As home of the legendary Ironman Triathlon, big wave surfing over ultra-shallow reefs, and mountain bike runs down volcanoes, Kona, Hawaii is a paradise for the masochistic.
After a day spent in the waves or on the trails around Kona a few cuts and bruises are commonplace, which makes squeezing in 18 holes of golf between surf sessions or rides a nice respite. It doesn't hurt that the Kohala coast, just north of Kona, has some of the best golf courses in the world.
The Mauna Kea resort's course is the best and most well known. It's also the oldest. Designed by Robert Trent Jones Sr. and built in 1963 the course wraps around one of the world's most idyllic beaches. The Mauna Kea resort, built by Laurance Rockefeller, was the most exclusive in the world when it opened in 1965. If you're looking for a forgiving, ego-boosting round, it's probably best to head to the Four Season's beautiful, but eminently merciful Jack Nicklaus designed Hualalai course.
Mauna Kea, on the other hand, is characteristically brutal but easily ranks in the "must play" list for any serious golfer. Extremely long (7,370 yards from the Black Championship tees and a rating/slope of 76.6), with heaps of elevation gain and over 120 white sand bunkers surrounding raised greens.

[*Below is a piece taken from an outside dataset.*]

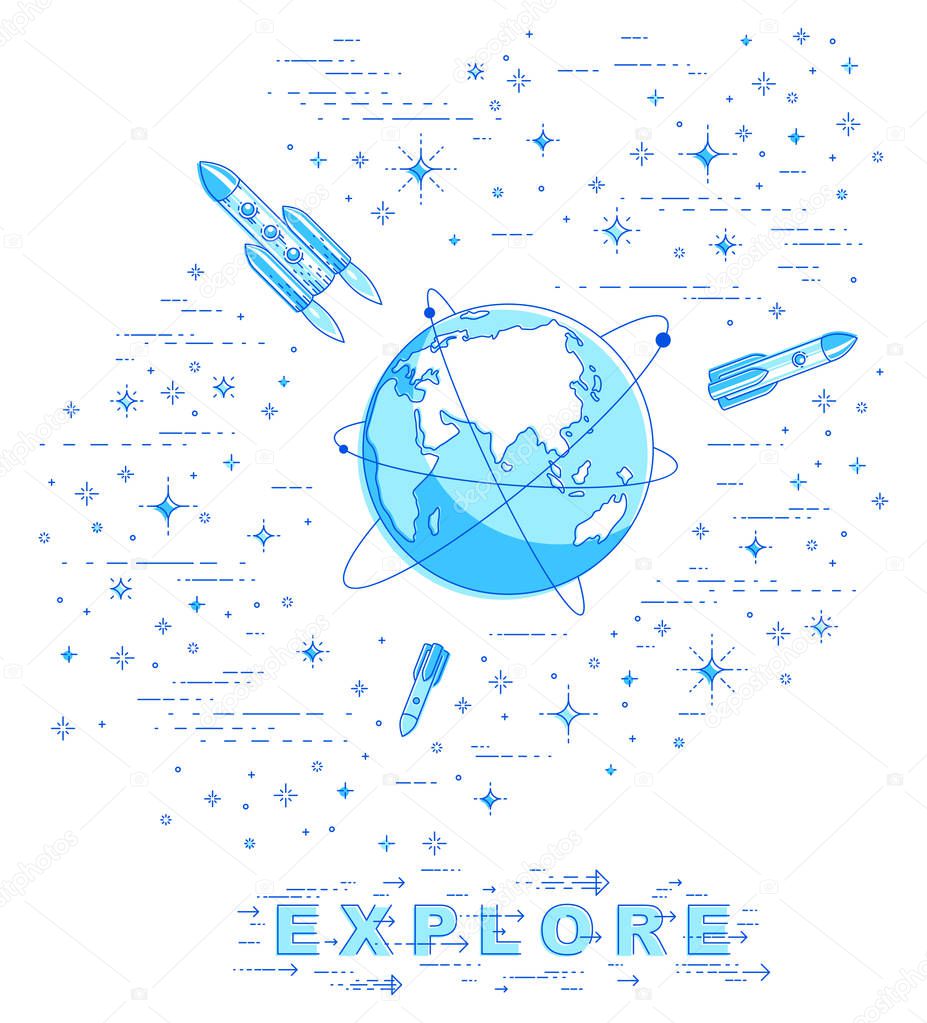 Earth in space, our planet in huge cosmos surrounded by rockets, asteroids and stars. Cartoon science universe. Thin line 3d vector illustration isolated on white.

The course's signature third hole is a masterpiece. Horseshoeing around the cobalt blue Pacific Ocean rimmed by lava rock and deep bunkers along with a stiff onshore breeze, the gratification of sticking one close to the pin here is immense and pars feel like birdies.
After your round, grab lunch in the clubhouse to exchange war stories with other players all bound together by Mauna Kea's challenge. A stiff blended beachside cocktail and swim in the rare gentle waves and sandy water of the resort's world famous Kauna'oa Beach is a nice recovery option as well.